For a person so private and work-oriented, what was it like to take a beat and relive all of that?

“I’m so into what’s next, so it’s hard sometimes getting me to talk about the past. I’d want to jump out the window,” she told Obsessed. “So it wasn’t always easy to get stuff out of me.”

Calling that an understatement, Kargman said the challenge of getting Warren to speak about her life was revealing in and of itself: “I almost think that it’s more real and raw to have someone be a bit guarded, than someone who’s just an open book from day one.”

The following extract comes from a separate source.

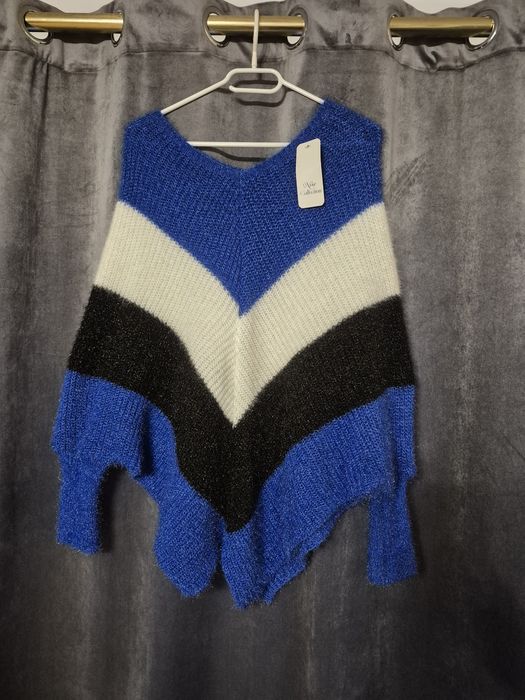 Ponczo sweter    .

Ask Warren about the night she won her honorary Oscar, however, and brace for her to uncharacteristically gush. She called it “the coolest thing that’s ever happened to me, the best night of my life.”

She was shocked, however, to learn how heavy the trophy is. After the ceremony, she proudly walked around the house holding it for days. “I didn’t want to put it down,” she said. Then: “My fucking back went out.” But there’s a solution she thinks could prevent future statue-related injuries caused by an imbalance of weight. “A second Oscar,” she said. “I can start doing curls.”